• WHAT IS EXPECTED:
Begin at the line below that has "Hey, what's up". Stop after the line that has "Think about how", repeating each line exactly and leaving out the pictures.

• MATERIAL FOR THIS TASK:
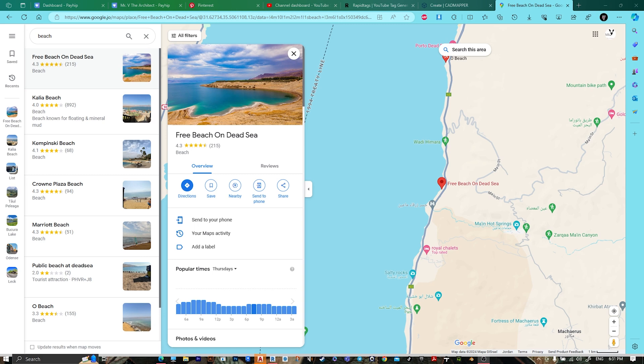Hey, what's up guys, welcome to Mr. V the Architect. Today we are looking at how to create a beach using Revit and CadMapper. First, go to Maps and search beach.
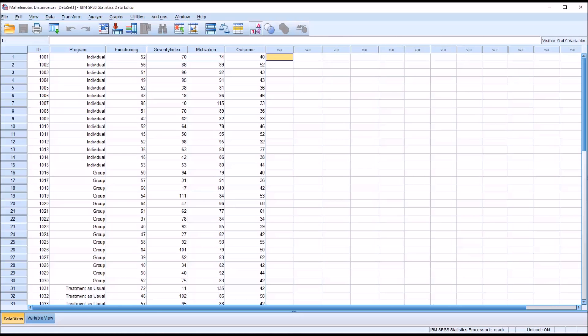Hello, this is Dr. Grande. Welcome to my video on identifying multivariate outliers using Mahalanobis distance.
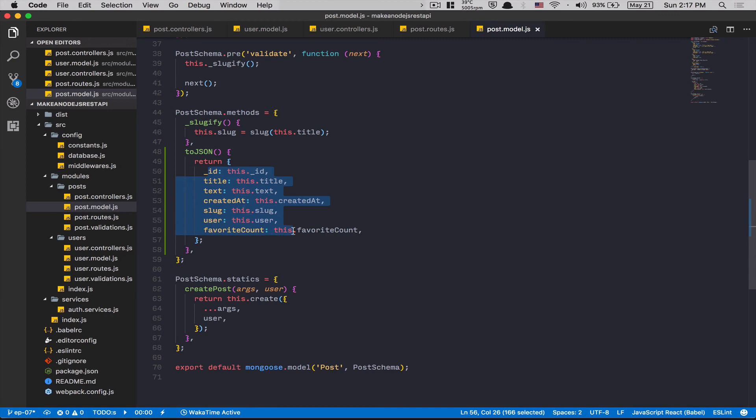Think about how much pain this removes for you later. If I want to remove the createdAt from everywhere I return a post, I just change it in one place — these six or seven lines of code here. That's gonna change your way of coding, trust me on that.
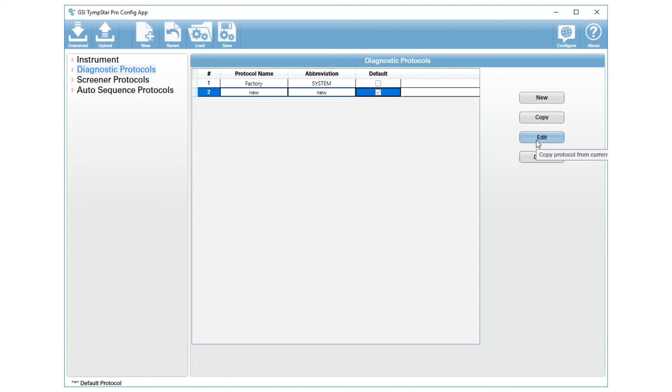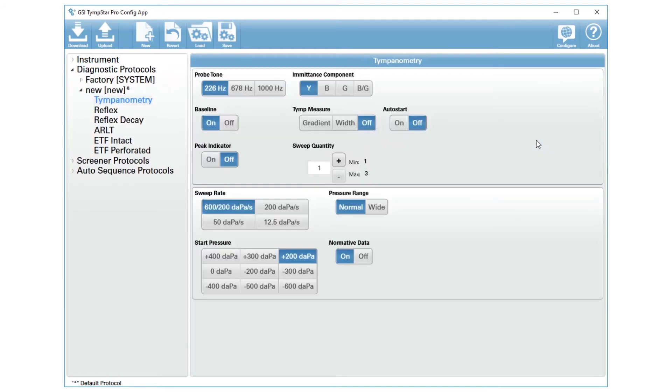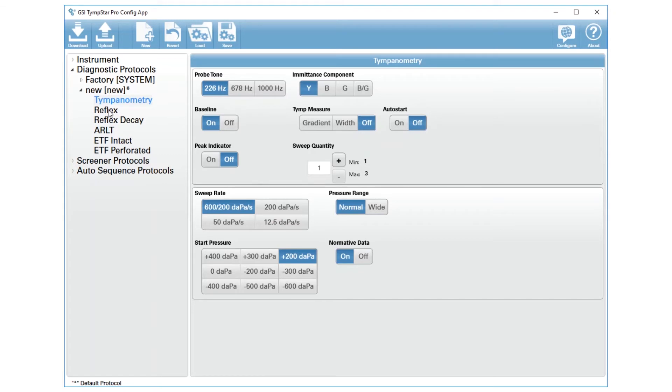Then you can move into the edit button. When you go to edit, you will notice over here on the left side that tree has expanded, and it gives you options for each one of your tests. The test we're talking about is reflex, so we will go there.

...

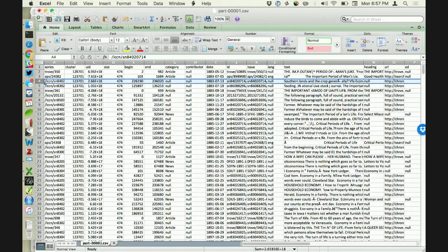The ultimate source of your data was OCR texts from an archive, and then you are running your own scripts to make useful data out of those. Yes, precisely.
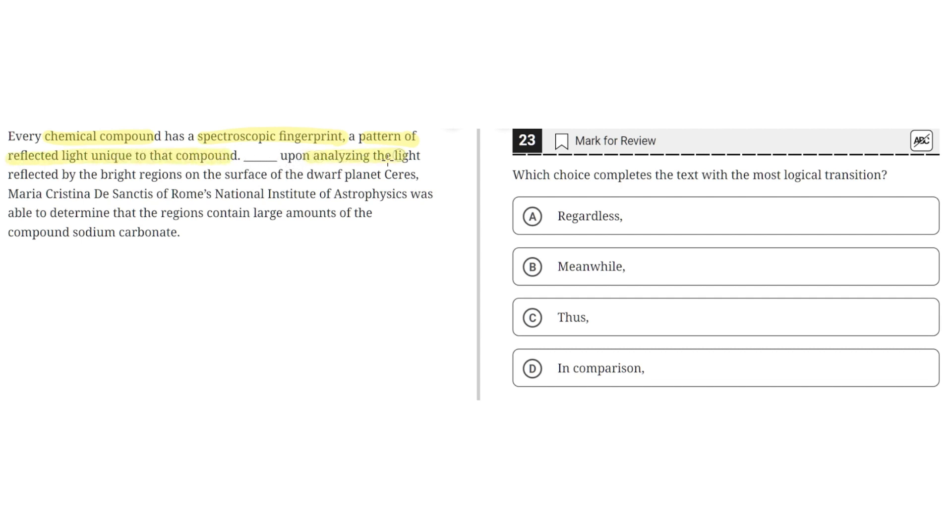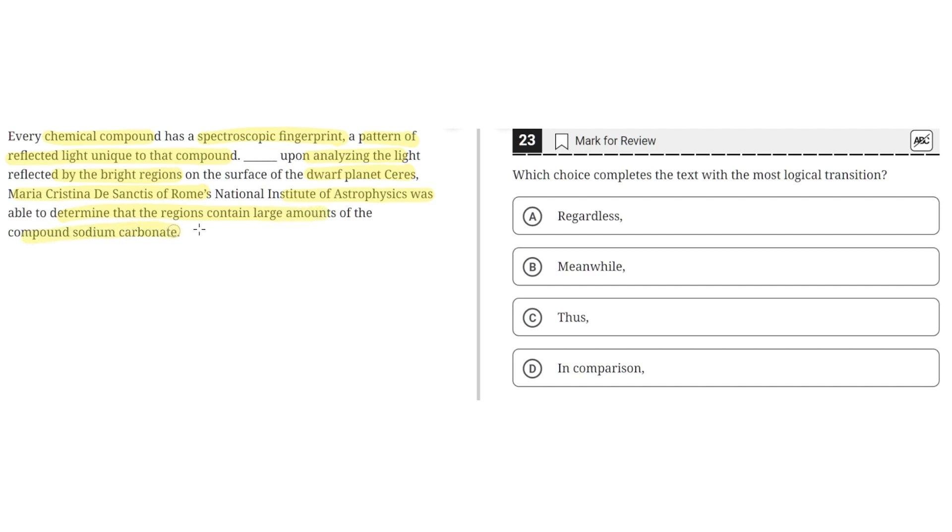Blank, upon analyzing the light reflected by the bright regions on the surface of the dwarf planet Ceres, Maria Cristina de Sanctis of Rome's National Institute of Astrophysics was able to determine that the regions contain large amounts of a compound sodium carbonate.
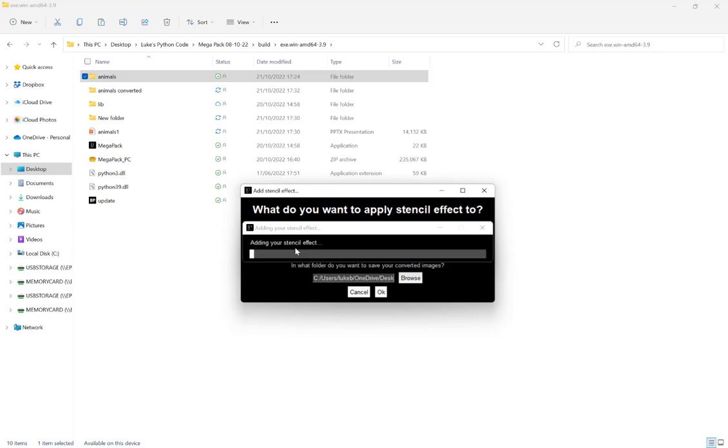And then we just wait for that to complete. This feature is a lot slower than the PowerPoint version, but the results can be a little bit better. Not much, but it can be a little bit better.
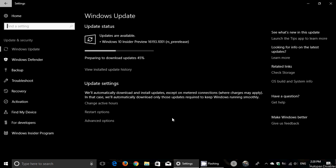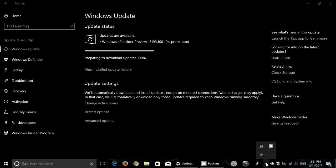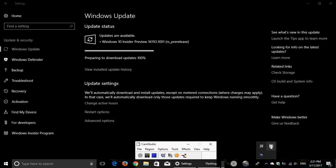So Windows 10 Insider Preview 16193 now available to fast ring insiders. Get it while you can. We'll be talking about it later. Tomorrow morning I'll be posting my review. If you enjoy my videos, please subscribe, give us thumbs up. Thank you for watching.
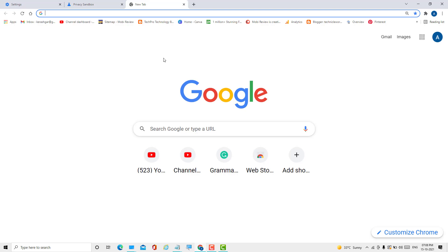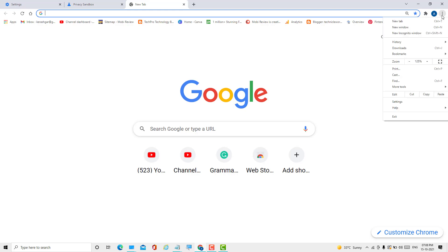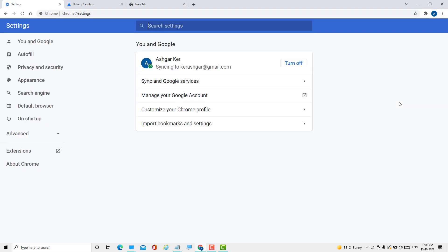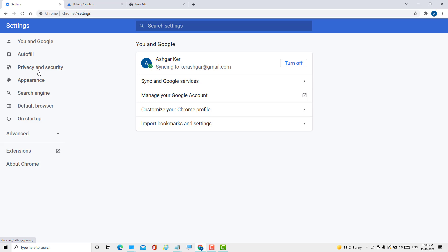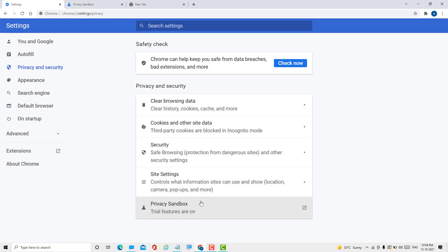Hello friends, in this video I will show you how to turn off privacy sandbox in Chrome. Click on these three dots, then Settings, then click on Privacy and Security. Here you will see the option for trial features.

• WRITTEN SOLUTION:
Hey, what's up guys, welcome to Mr. V the Architect. Today we are looking at how to create a beach using Revit and CadMapper. First, go to Maps and search beach.
Hello, this is Dr. Grande. Welcome to my video on identifying multivariate outliers using Mahalanobis distance.
Think about how much pain this removes for you later. If I want to remove the createdAt from everywhere I return a post, I just change it in one place — these six or seven lines of code here. That's gonna change your way of coding, trust me on that.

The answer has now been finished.